文化祭初日、学校に着くなり担任に呼び出された。



しかも、指導室。



「こんなところに呼び出される覚え、無いんだけど?」



夏休み前なら、思い当たる節はある。



学校、サボってたし。



だけど、それを今更咎めるか?



坂下の呼び出しならホイホイついて行くけど、担任と密室で2人きりとか嫌だ。



「さっさと入れ。」



ドアを開け、室内を顎で指しながら言う。



私は、言われた通りにした。



「…で、私に何の用?」



「昨日の体育祭、足引っ張ってくれたよなぁ?」



「玉入れの後に散々怒ってたのに、まだ言い足りない?」



「それだけじゃない、坂下ごとき相手に簡単にゴールまで運ばれるし、応援合戦じゃ無様に転けるし…。
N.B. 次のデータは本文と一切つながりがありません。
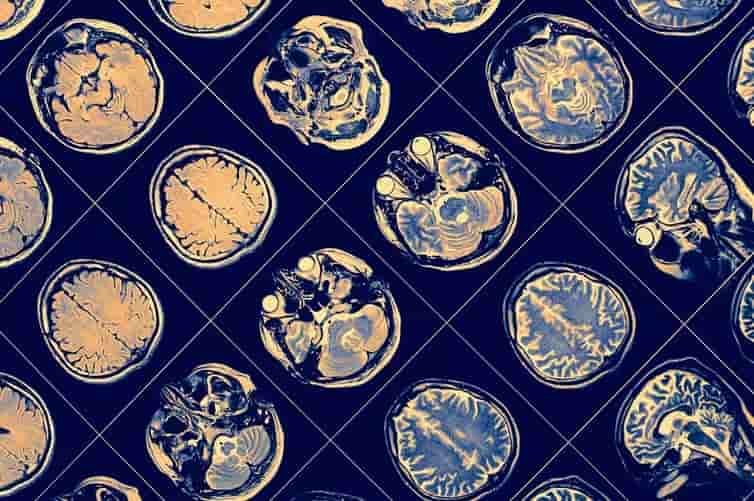 Las seis razones por las que cuesta tanto encontrar una cura para el alzhéimer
」



この場合、とりあえず謝っておくべきなんだろうか?



「なんか、俺1人のせいで負けたって言われてさぁ…。

お前が何も言われないのは、どうよ?」



「誰も、私に期待してないからでしょ。

ってか、チアガールの脚に見とれて負けたんだから…。」



言われても仕方なくない?



そう言おうとしたら


「ウルサイ…ウルサイ!ウルサイ!!」



怒鳴りながら、殴りかかってきた。



鈍い私に、避けるなんてできる訳もなく…。



拳を、まともに喰らった。



「大体、前から気に入らなかったんだよ。

水泳の授業休んで補習になると、坂下先生使って内容変えさせるし

ぶっちぎりでトップ取ってたくせに俺が担任になった途端、2位との差が殆ど無くなる位成績落とすし

最近じゃ、ブレスレットしてくるわ、スカーフの結び目も変えてくるわ…。

俺をナメるのもいい加減にしろよ!

そういうトコ、アイツそっくり…。」



アイツそっくり…って?



コイツ、何を言ってるの?



ワケ分かんないんだけど?



私は痛みを和らげようと、カーテンを引き剥がして頭から被った。